* **Directions for this task**
When you copy the data that follows, reproduce every word exactly and leave out the images.

[Items listed in a dataset]
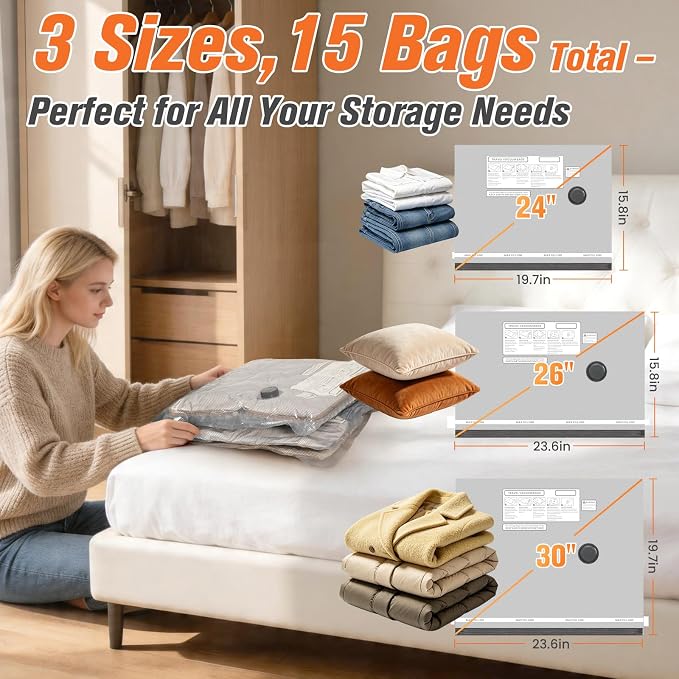 18 Pack Vacuum Storage Bags for Travel - Image 5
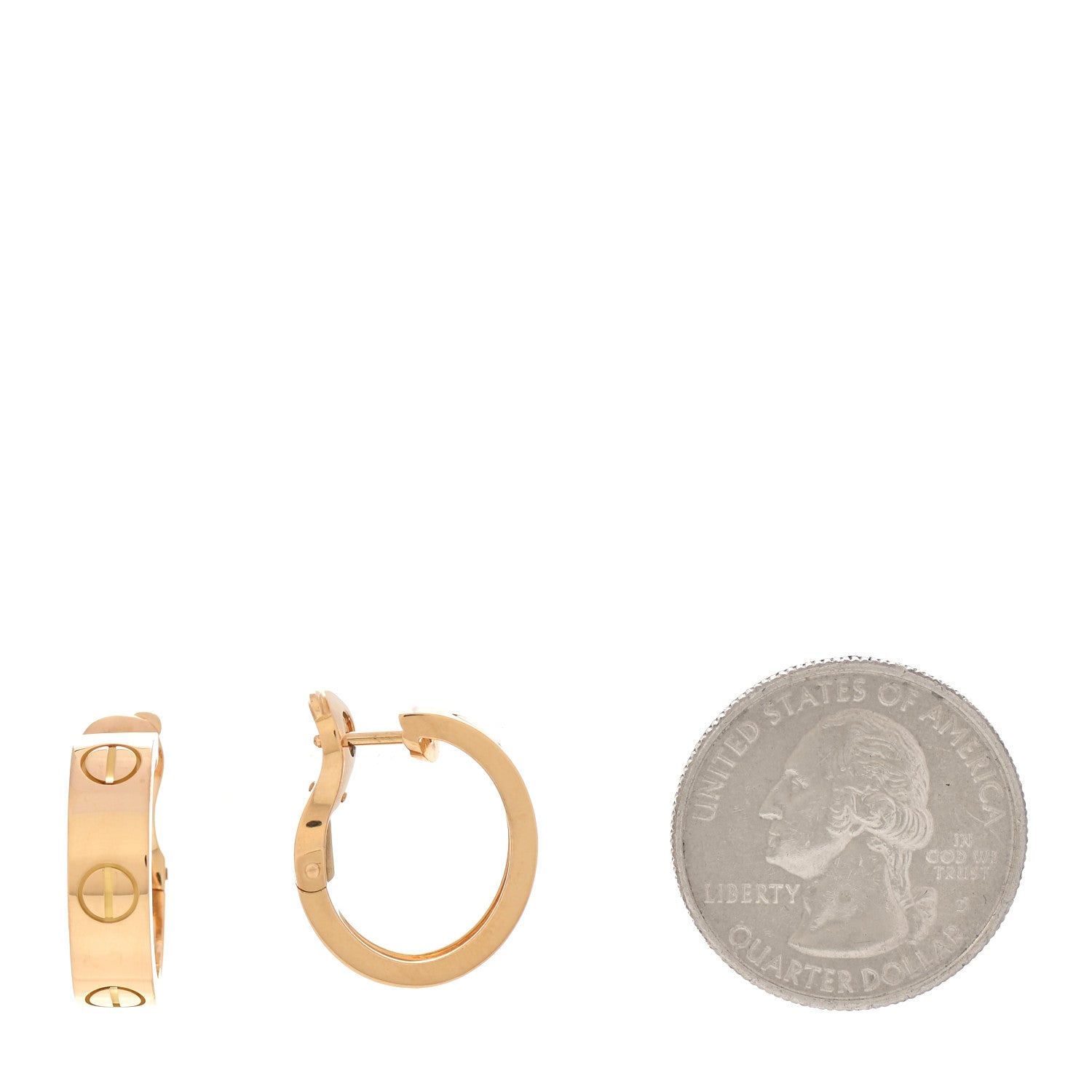 Cartier 18K Yellow Gold 5.5mm LOVE French Clip Hoop Earrings 2 of 4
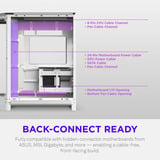 NZXT H6 midi tower behuizing Wit | 2x USB-A | 1x USB-C | Tempered Glass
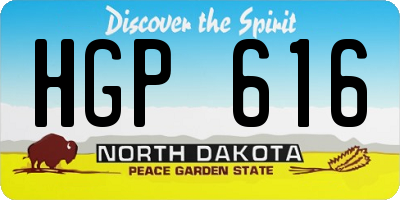 ND license plate HGP616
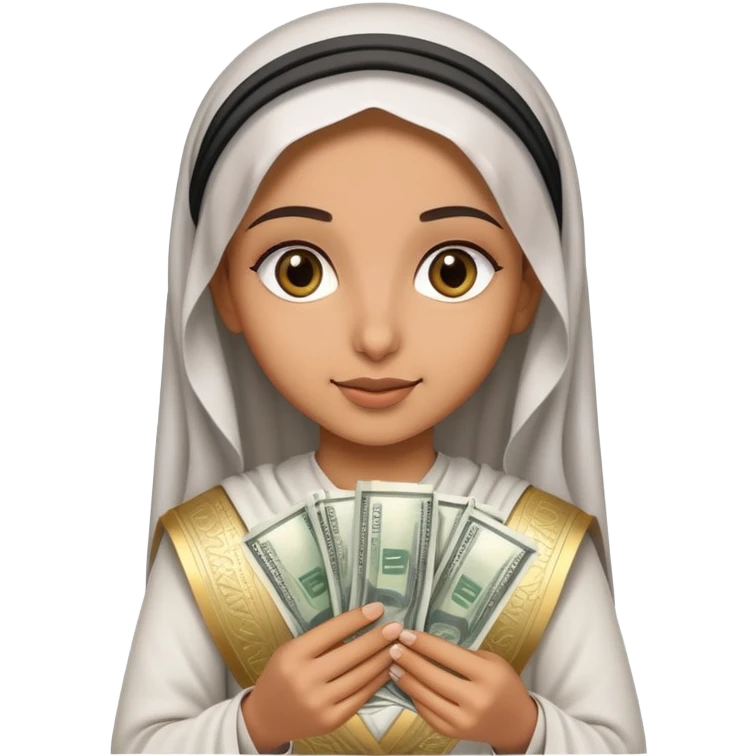 Arab girl with money emoji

* **Response to the task**
 18 Pack Vacuum Storage Bags for Travel - Image 5
 Cartier 18K Yellow Gold 5.5mm LOVE French Clip Hoop Earrings 2 of 4
 NZXT H6 midi tower behuizing Wit | 2x USB-A | 1x USB-C | Tempered Glass
 ND license plate HGP616
 Arab girl with money emoji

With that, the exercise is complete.